Task to carry out> Start the copy at the line containing "Sønderballe Strand Camping GDK (2)" and run it through the last line of the records. Repeat each line exactly; omit pictures.

Information>
******
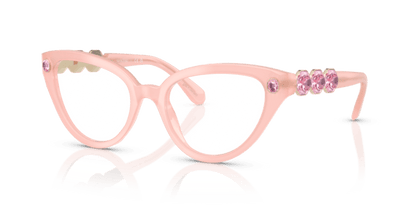 Milky Pink - 0SK2028 8056262226490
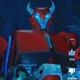 tfp cliffjumper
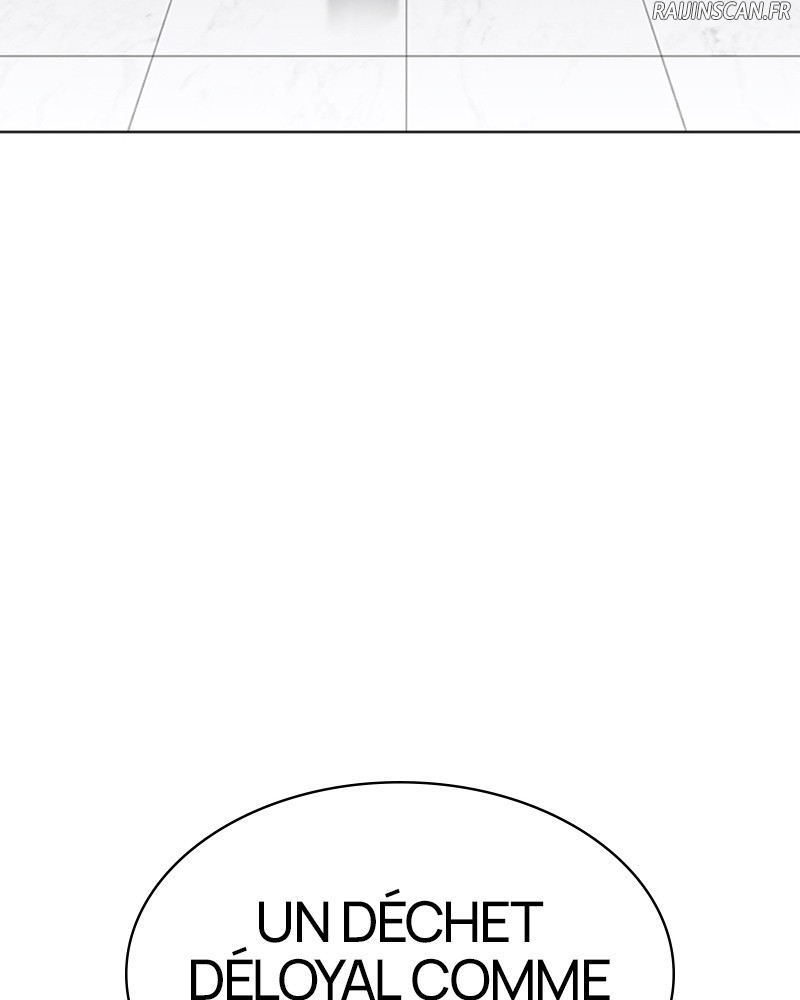 Lookism Chapitre 333 - Page 195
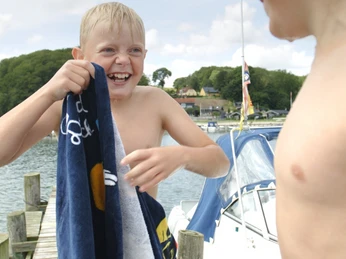 Sønderballe Strand Camping GDK (2)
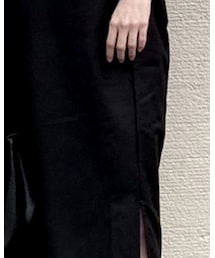 nugu | ワンピース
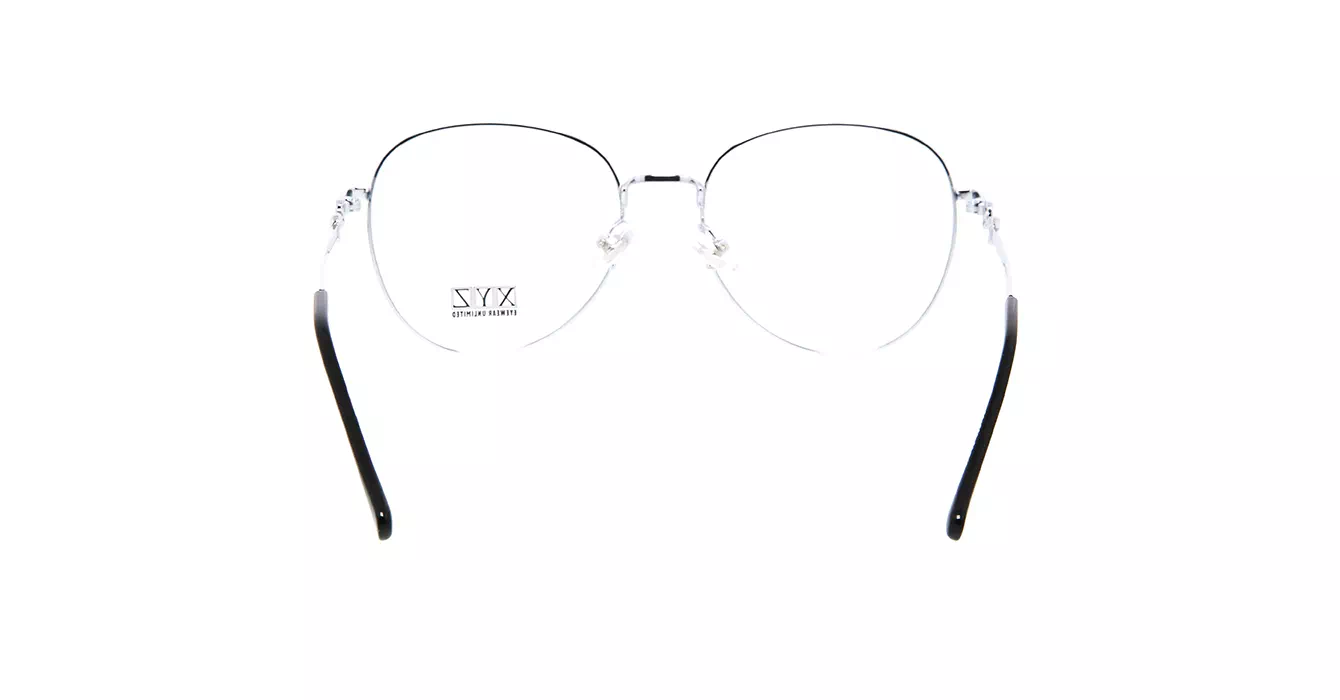 XYZ S31723 C5 s56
******
Answer space>
 Sønderballe Strand Camping GDK (2)
 nugu | ワンピース
 XYZ S31723 C5 s56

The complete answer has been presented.